Assignment: Copying exactly, give the lines in the material below from the one with "Pulsera tobillera trenzada" to the one with "Système de Douche", ends included, and nothing besides.

Source material:
- Opening Delimiter -
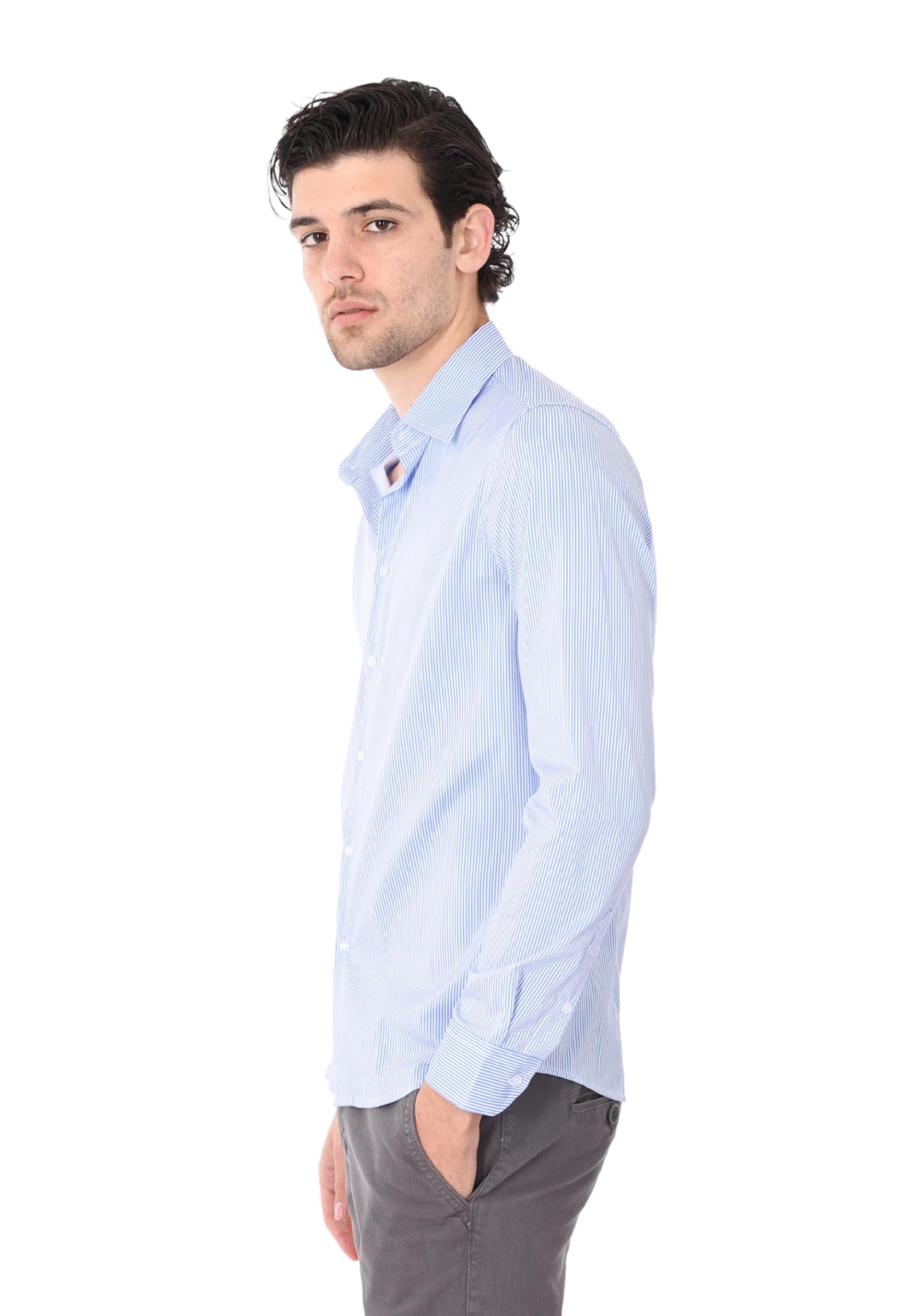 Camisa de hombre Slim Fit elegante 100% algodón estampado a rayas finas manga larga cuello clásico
- Closing Delimiter -
- Opening Delimiter -
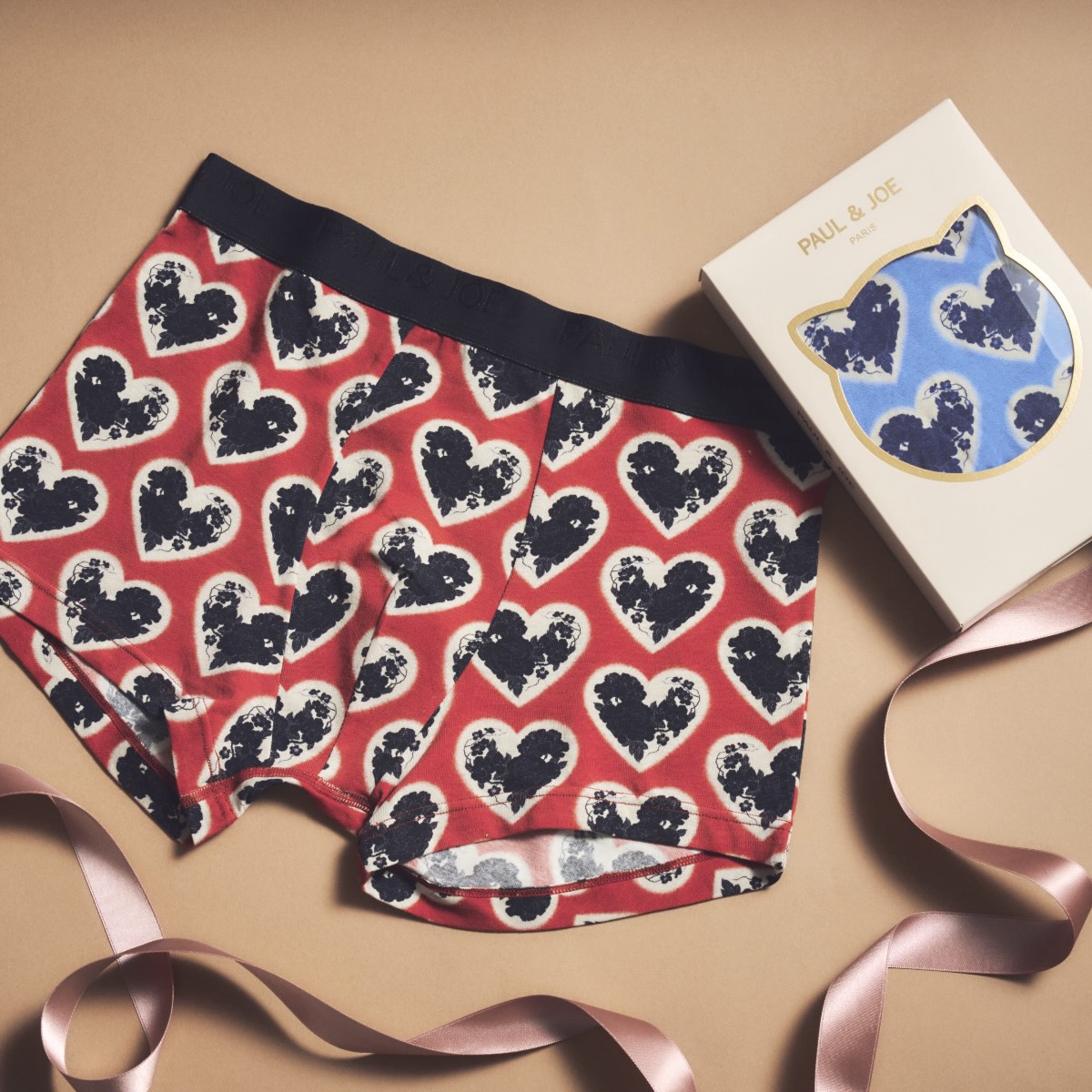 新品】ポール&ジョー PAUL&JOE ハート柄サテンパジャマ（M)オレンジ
- Closing Delimiter -
- Opening Delimiter -
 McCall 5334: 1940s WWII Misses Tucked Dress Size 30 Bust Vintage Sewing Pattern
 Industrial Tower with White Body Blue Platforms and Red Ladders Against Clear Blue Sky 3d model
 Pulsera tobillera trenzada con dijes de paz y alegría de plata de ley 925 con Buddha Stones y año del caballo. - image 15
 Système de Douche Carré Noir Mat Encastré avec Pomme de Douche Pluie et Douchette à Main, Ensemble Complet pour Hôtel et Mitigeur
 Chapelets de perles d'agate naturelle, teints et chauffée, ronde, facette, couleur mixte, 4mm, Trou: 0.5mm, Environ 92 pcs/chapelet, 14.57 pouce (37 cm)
- Closing Delimiter -
Solution:
 Pulsera tobillera trenzada con dijes de paz y alegría de plata de ley 925 con Buddha Stones y año del caballo. - image 15
 Système de Douche Carré Noir Mat Encastré avec Pomme de Douche Pluie et Douchette à Main, Ensemble Complet pour Hôtel et Mitigeur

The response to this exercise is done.